There are still some words unspoken from Claudio Ranieri's sacking at Leicester City last month, in large part due to the manager's silence on the subject.
But with last year's Premier League manager of the year soon to make his first extensive public comments, his former team looks to make it five wins on the bounce in all competitions Saturday when they host Stoke City at King Power Stadium.
Though Leicester City (8-6-14) have put themselves in a less perilous position in the bid to avoid relegation, a return to the top flight is still not assured. The Foxes, though, have climbed to 15th in the table and are six points clear of the bottom three on the strength of a three-match win streak in league play.
Additionally, they are still in the Champions League picture, though a daunting two-leg quarterfinal starting April 12 against Spanish side Atletico Madrid looms in the distance. Ranieri was sacked the day after Leicester City's 2-1 loss at Sevilla in the round of 16, but caretaker Craig Shakespeare oversaw a 2-0 victory in the second leg that added another chapter to the unlikely story of last season's Premier League-winning campaign.

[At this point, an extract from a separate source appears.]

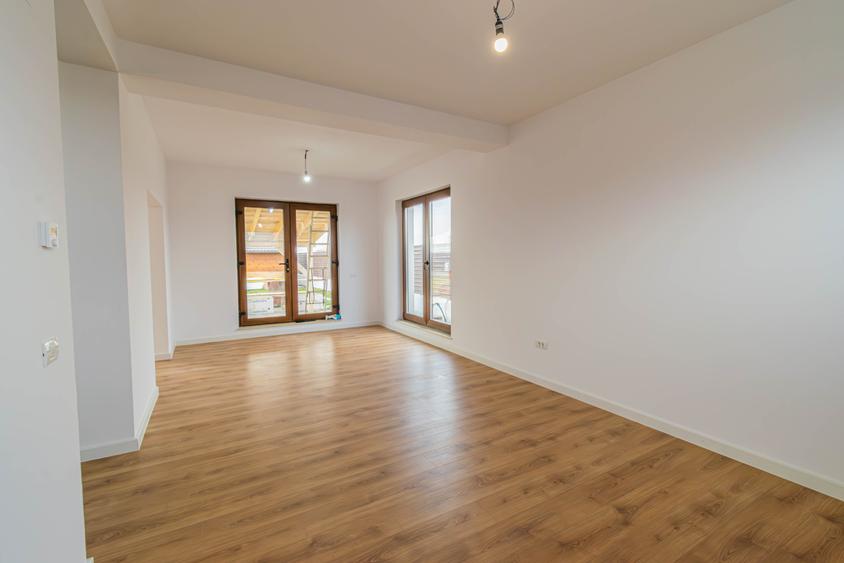 Proiect Aleea cu Tei, ultima unitate, curte amenajata - 9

After a sabbatical of nearly six weeks with family and friends while traversing Europe to deal with the disappointment of his firing, Ranieri expressed more surprise than disappointment at his termination from the Midlands club.
"Thinking of Leicester, the first thing that comes to mind is the sense of surprise, even more than bitterness," he reportedly said according to Italian newspaper Gazzetta dello Sport. "I have been through a lot in my long career, but never anything like this. It was a shock, but in the end these things are part of football."
But the bigger news came in his revelation that he will not broach the subject further until April 10, when he will be a pundit for Sky Sports during the Crystal Palace-Arsenal match. Even with the aforementioned comments and his often jovial demeanour as Leicester's dream world came undone during their title defence, the curiosity factor still is a draw for the man nicknamed "The Tinkerman."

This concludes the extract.